I was simultaneously more relaxed and more stressed than I had ever been. Instead of two crushing fears, Stan finding out and not liking me and my parents finding out, it was reduced to one. However that pressure was so much more now and all I could do was hope they wouldn't be suspicious.

The dinner went over well, I'm pretty sure that between me and Stan acting as normal as we could they didn't think of anything as being amiss.

When we finished and put our dishes away stan announced he had to head home. My mother and father said their goodbyes and Stan went upstairs to grab his bag. I waited at the bottom of the stairs for him and when he came down I opened the door and trailed him out. He turned to me and gave me the most genuine smile I've ever seen on a person.

"Bye Kyle. I'll see you at school tomorrow."

I nodded as a response and leaned on my arm against the door frame. He started walking away and I sighed and turned around to go back inside but he quietly whispered without turning around,

"Kyle?"

"Yeah?"

"Love you."

I had to suppress a laugh. I was sure he was red as a beet from the way he didn't turn to look at me.

Quietly as I could while still knowing he'd hear me I whispered it back. I felt so light with happiness as I went back inside and up to my room to actually do homework. I couldn't keep my mind off him though and every time I stopped working because my hands would hurt after a while of writing I would think things through.
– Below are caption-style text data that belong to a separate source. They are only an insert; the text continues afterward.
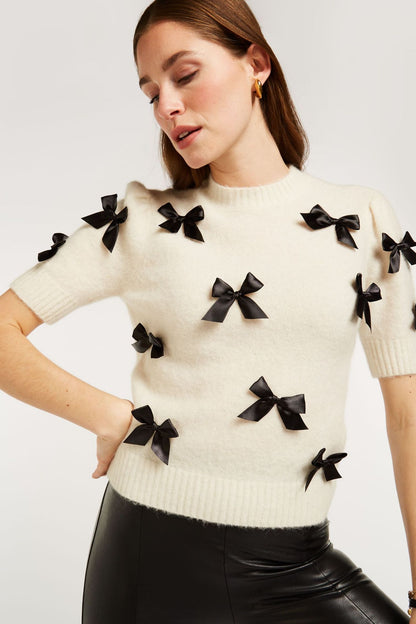 Bow Embellished Short Sleeve Sweater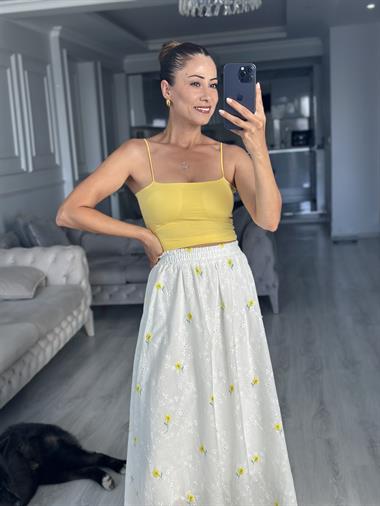 Sarı Kuplu Lastik Askılı Kadın Body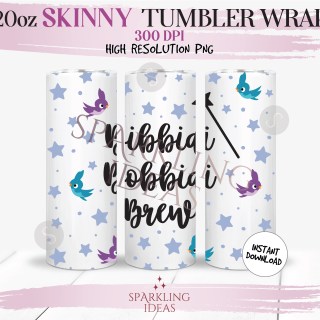 20oz Skinny Tumbler Bibbidi Bobbidi Brew Wrap, Fairy Wish Tumbler, Magical World Digital PNG Sublimation
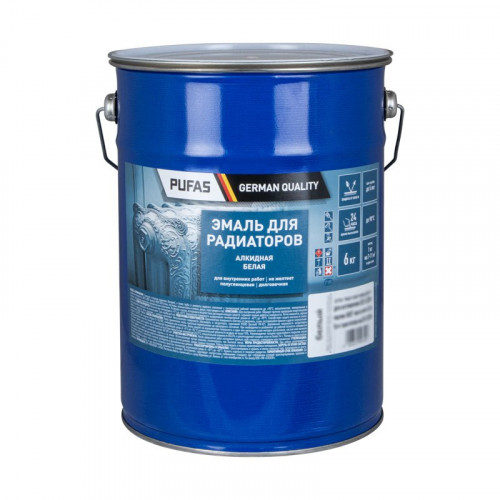 Эмаль алкидная для радиаторов белая Pufas, 6кг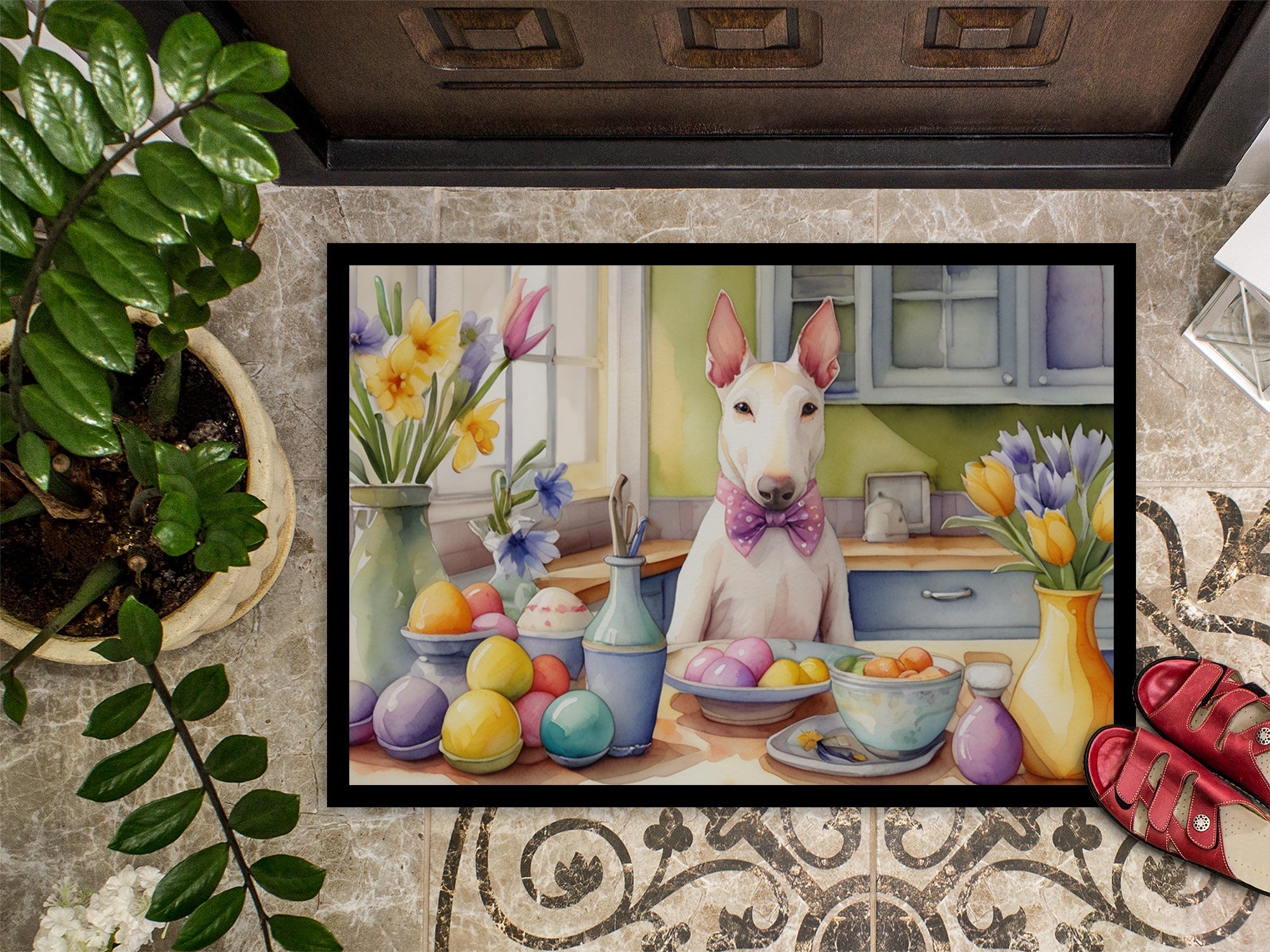 Decorating Easter Bull Terrier Doormat Indoor Outdoor 24H X 36W Front Door Mat Rugs for Entryway, Non Slip Washable Low Pile,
We couldn't let anyone know of our relationship in case it got around to our parents. I was almost certain he would understand that bit, but it would be hard to continue to act as only friends after what happened. What if one of us accidentally lets it slip? We'd both be fucked. I continued to think, like I always do but eventually I came to the conclusion we would just deal with problems as they came up.

As I was about to go to bed for the night I wondered if I should text but I decided against it. I'll let him think a little longer, get his thoughts straight. I went to sleep happy that night, thinking about him.